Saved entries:
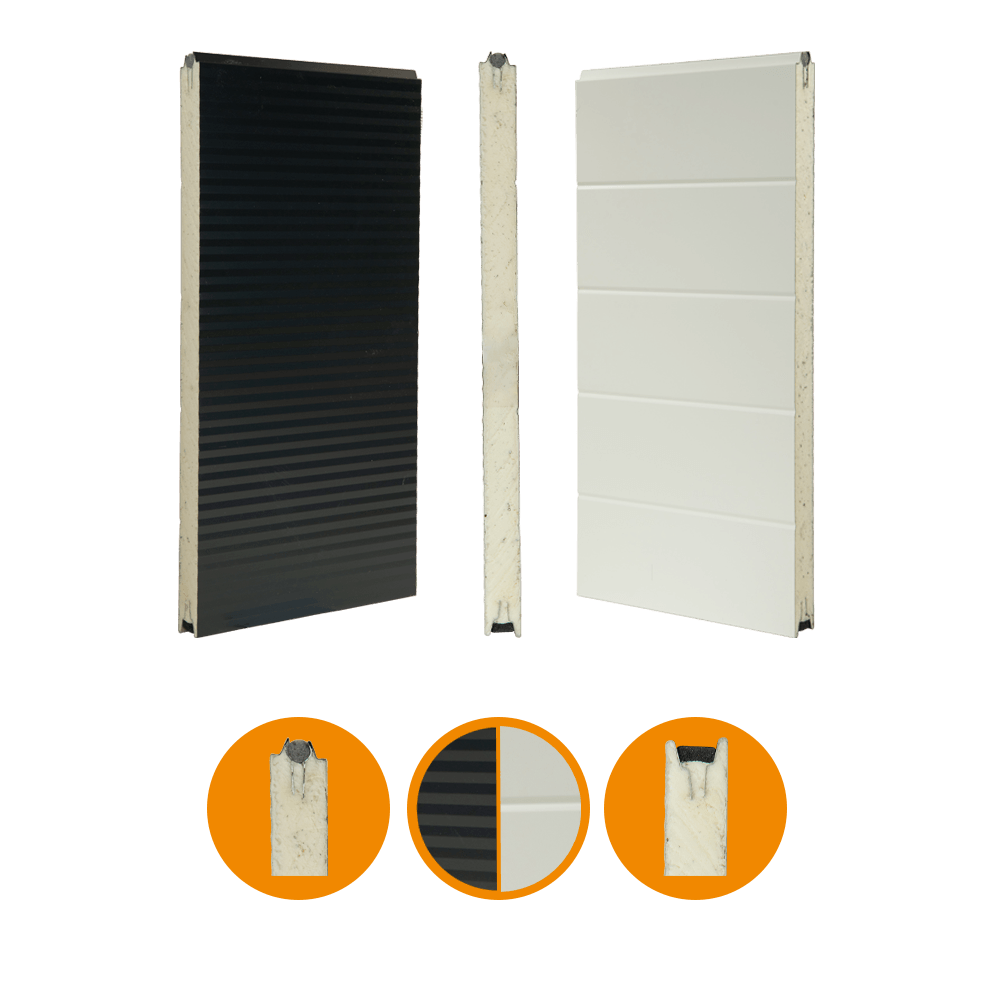 [102001085-a] Alpha Door door section. ISO Micro. 40x610. RAL7016/RAL 9002 (Ensemble complet, Standard, Standard)
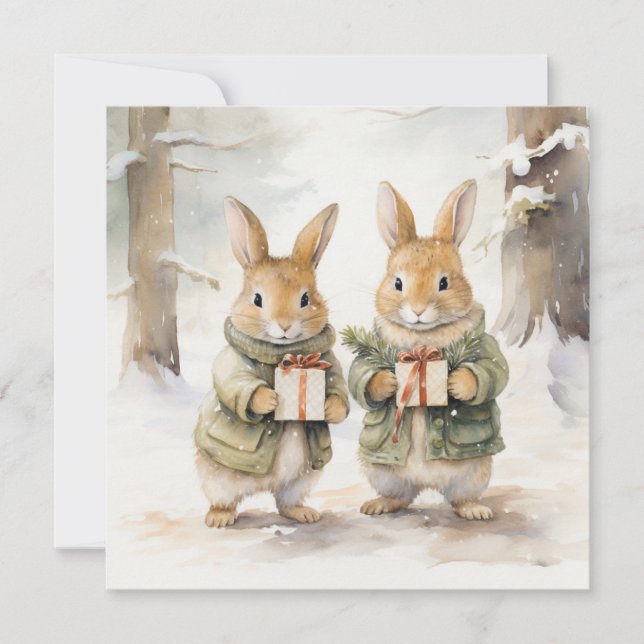 Merry Christmas Rabbit Card (Front)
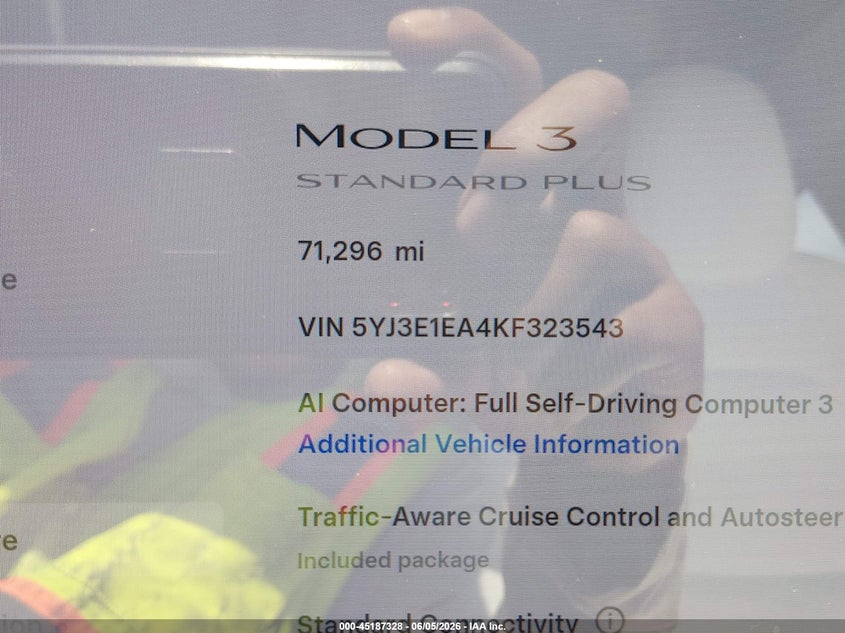 2019 Tesla Model 3 Long Range/Mid Range/Standard Range/Standard Range Plus VIN: 5YJ3E1EA4KF323543 Lot: 45187328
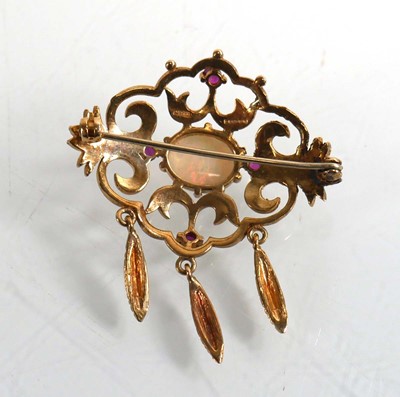 Lot 729 - A 9ct yellow gold brooch of Rococo design set...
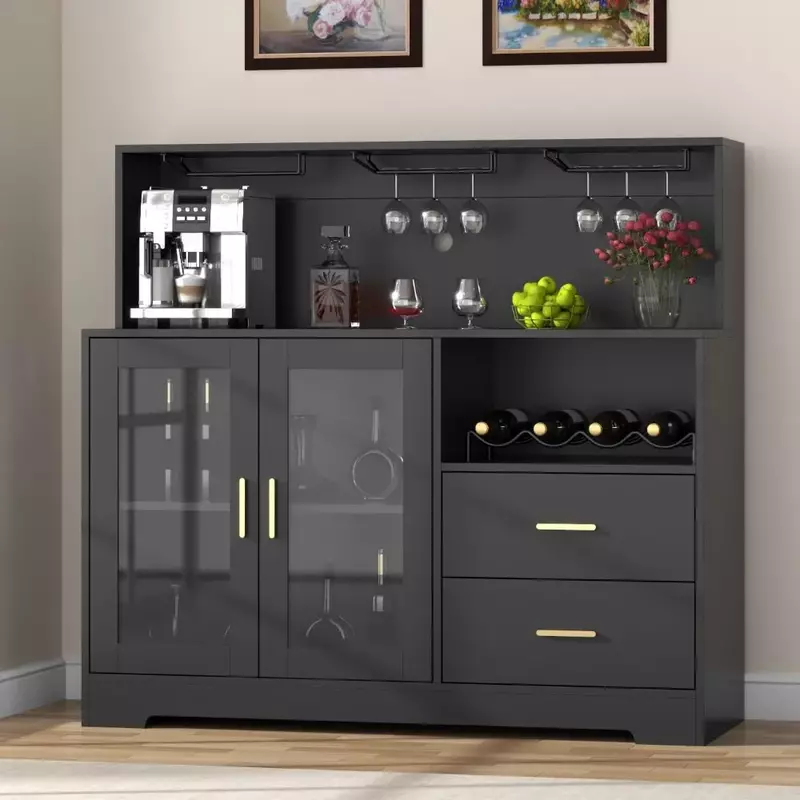 خزانة بار نبيذ بضوء LED ، خزانة نبيذ منزلية مع رف نبيذ وزجاج ، خزانة خمور حديثة لغرفة المعيشة وغرفة الطعام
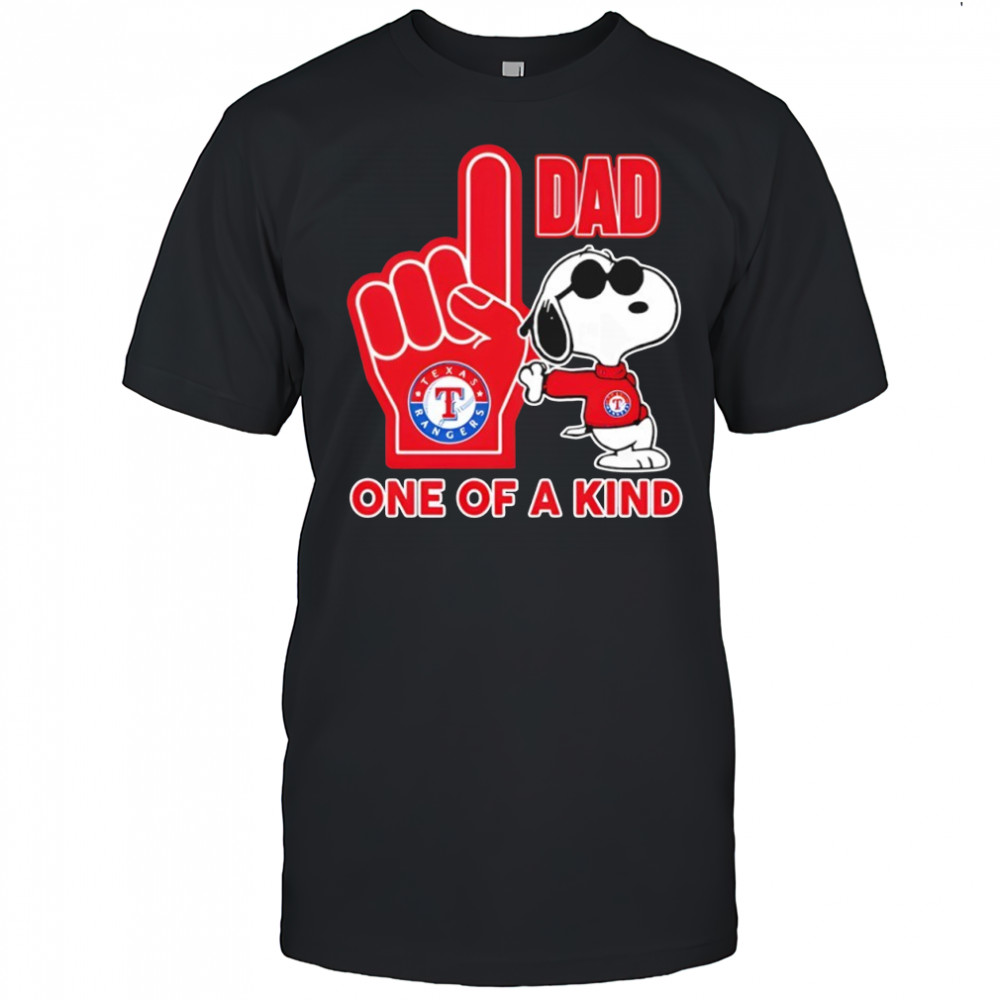 Snoopy Texas Rangers #1 Dad One Of A Kind Shirt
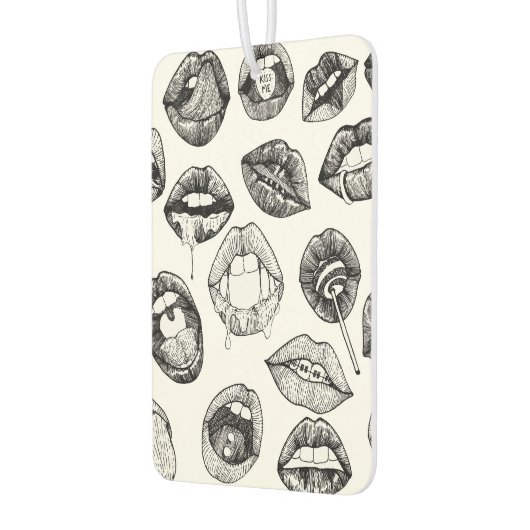 Hand getrokken Luscious Lips in Zwart-Wit Luchtverfrisser (Links)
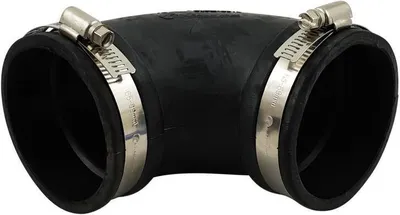 Produktbild von Flexibler Bogen 90 mm 90 Grad Flex Fitting für Rohre Gummibogen, Rohrverbinder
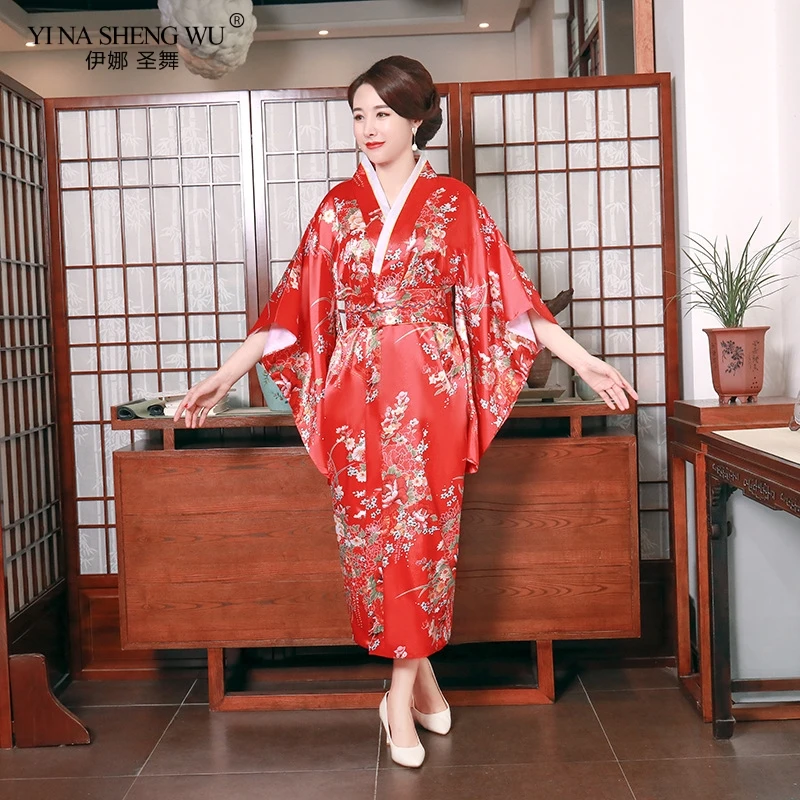Традиционное японское кимоно юката женский банный халат сексуальный женский, с цветочным принтом кимоно вечернее новое платье косплей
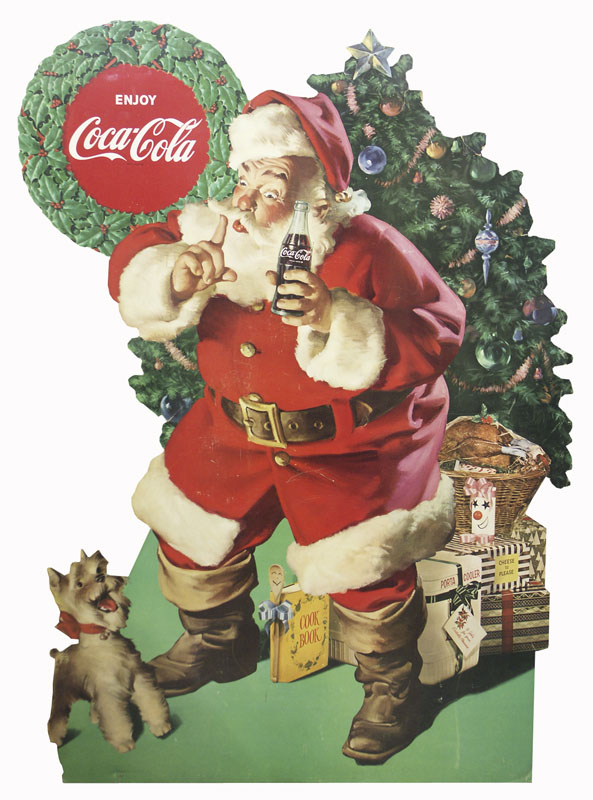 1950s Coca-Cola Santa Claus with dog cardboard cutout store display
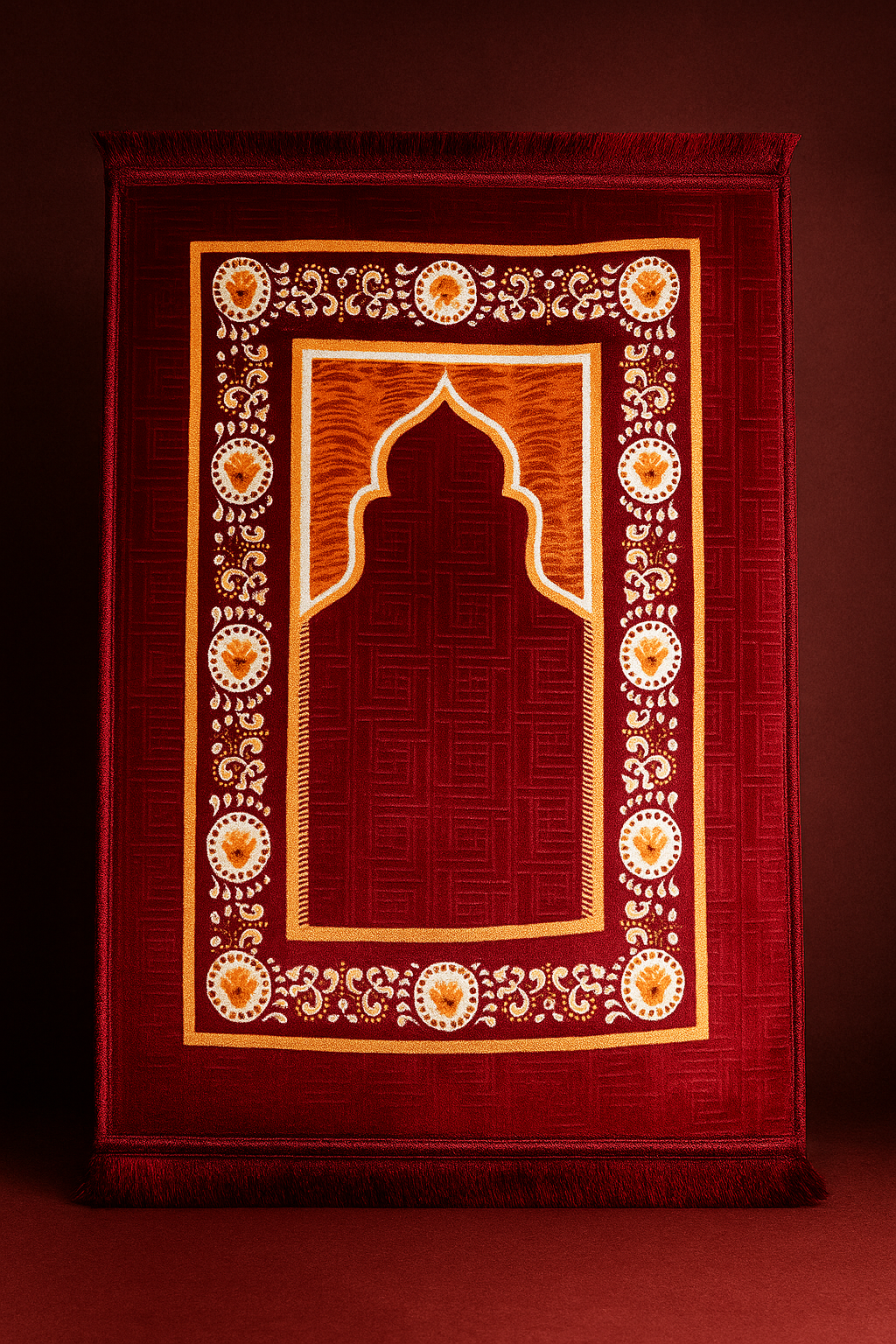 Luxury Turkish Velvet Prayer Mat – Red Floral Islamic Janamaz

[Your goal] The result should hold only the lines from the line with "Produktbild von Flexibler" through the final line of the records above, copied exactly, with pictures left out.

[Task solution]
 Produktbild von Flexibler Bogen 90 mm 90 Grad Flex Fitting für Rohre Gummibogen, Rohrverbinder
Традиционное японское кимоно юката женский банный халат сексуальный женский, с цветочным принтом кимоно вечернее новое платье косплей
 1950s Coca-Cola Santa Claus with dog cardboard cutout store display
 Luxury Turkish Velvet Prayer Mat – Red Floral Islamic Janamaz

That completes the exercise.